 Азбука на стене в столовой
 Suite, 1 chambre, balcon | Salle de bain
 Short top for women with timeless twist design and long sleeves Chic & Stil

WHAT YOU ARE ASKED TO DO: Each line of the data needs to be repeated exactly.

TASK RESULT:
 Азбука на стене в столовой
 Suite, 1 chambre, balcon | Salle de bain
 Short top for women with timeless twist design and long sleeves Chic & Stil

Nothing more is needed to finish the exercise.